The Forgotten Engineer by TS Paul

Rating: WARTY!

My first mistake with this book was not realizing initially that it had the word 'chronicles' in the book description. I have a policy never to read any such books along with any which have the word 'saga' or 'cycle' in a similar vein. Since this is the first book in the Athena Lee Chronicles, the smart move would have been to have skipped it. My bad! The fact that ten sequels appeared to this opener in 2016 alone ought to be informative. But this was a story I picked up to read some time ago, so what the hell.

I started reading it and made it a ways through surprisingly, but it's a very short book - a novella so the author or publisher claims, but it's too short for a novella. I'm not even sure it's a novelette. And there's a hardback version fo it??! So the fact that I made it three-quarters of the way through is not quite the feat it may seem. Unsurprisngly, it failed to hold my interest. This is almost inevitable in a series because the first book is a prologue, and I don't do prologues either. They're tedious and pointless. I think there's been only one time I've ever had to go back and read a prologue in a novel - and that wasn't because I wanted to!

The premise was initially entertaining: that a female engineer, of which there are far too few, is stranded a long way from home and has to 'engineer' her way back was appealing to me, but the poor writing drove the appeal out of it for me. There were multiple problems with the book, the first of which was that it's in first person, the most self-obsessed and tedious voice there is. It was this which largely turned me off the story. It was not believable given the things which happened to her in the first few pages, including a head injury. The second is that it has problems with the plot, the text, and the story, including the guy who shows up early and who is described literally, as 'beefcake'.

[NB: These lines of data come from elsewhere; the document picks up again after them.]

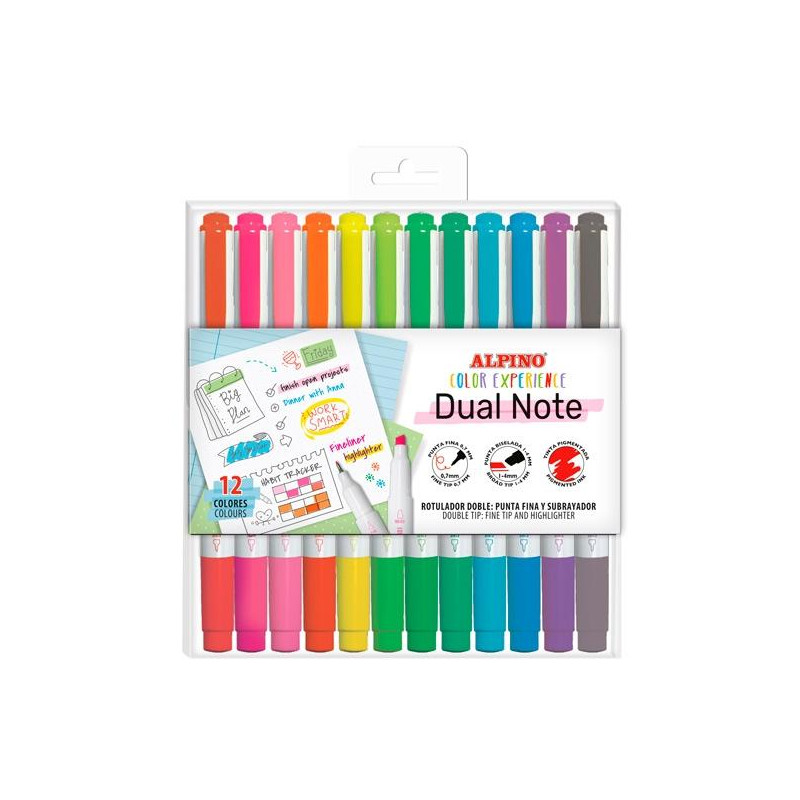(AR001142) ALPINO ROTULADORES DUAL NOTE PUNTA FINA Y PUNTA BISELADA C/SURTIDOS ESTUCHE 12 UD (AR001142) ALPINO ROTULADORES DUAL NOTE PUNTA FINA Y PUNTA BISELADA C/SURTIDOS ESTUCHE 12 UD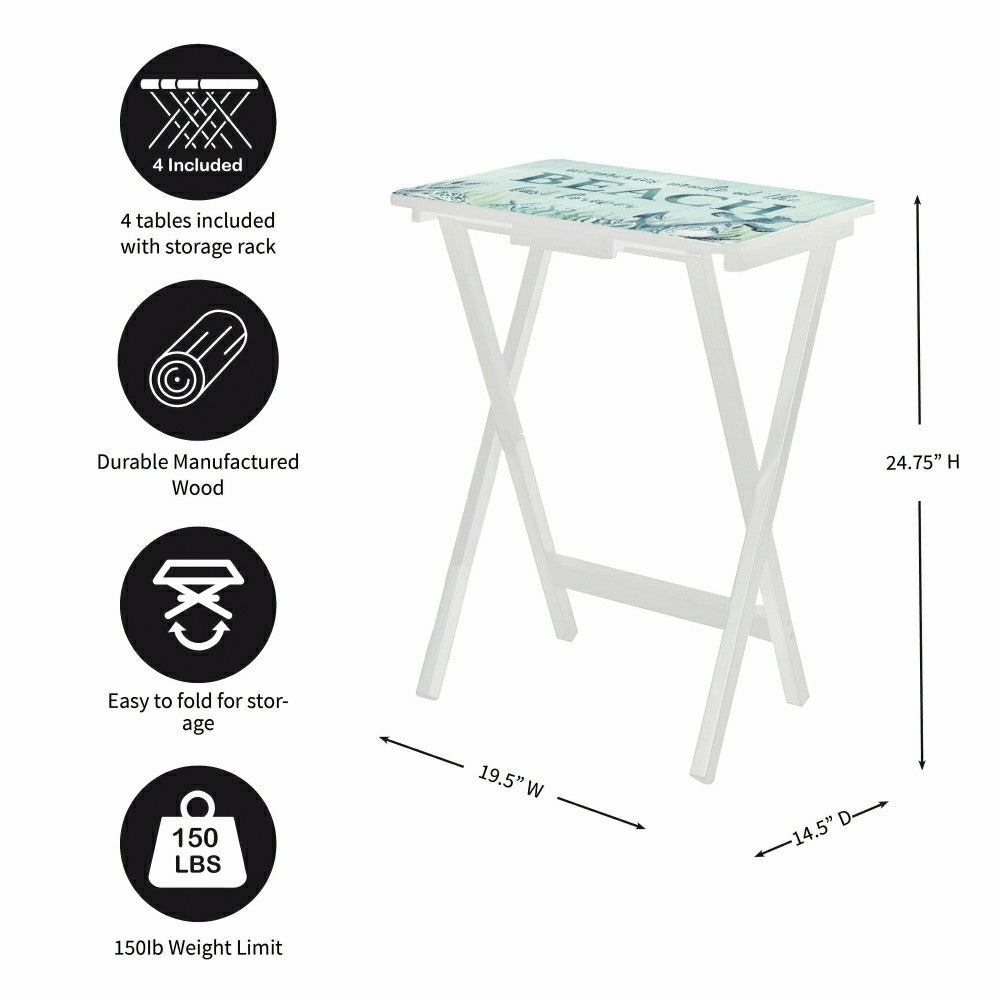 Sea Creatures TV Tray Set of 4 | Plow & Hearth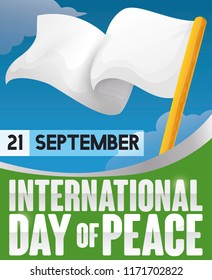 Poster with waving flag high up with sky view, greeting text and reminder for International Day of Peace this 21st September.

Normally a writer who uses initials for a first name is a female, but in this case, the 'beefcake' suggests a male writer and it is. No one uses 'beefcake' any more, expecially not an alien female. So this story is really not believable, and it made me want to avoid the actual series, not read on. The fact that it's billed as a space opera is another turn off for me. The fact that it talks about a 'cabal' trying to somehow take over 'the galaxy' is a serious issue. Clearly the author has no clue how big a galaxy is or how ridiculous and pointless is the notion that one can be owned or controlled. Sorry, but no. I can't commend it based on my experience.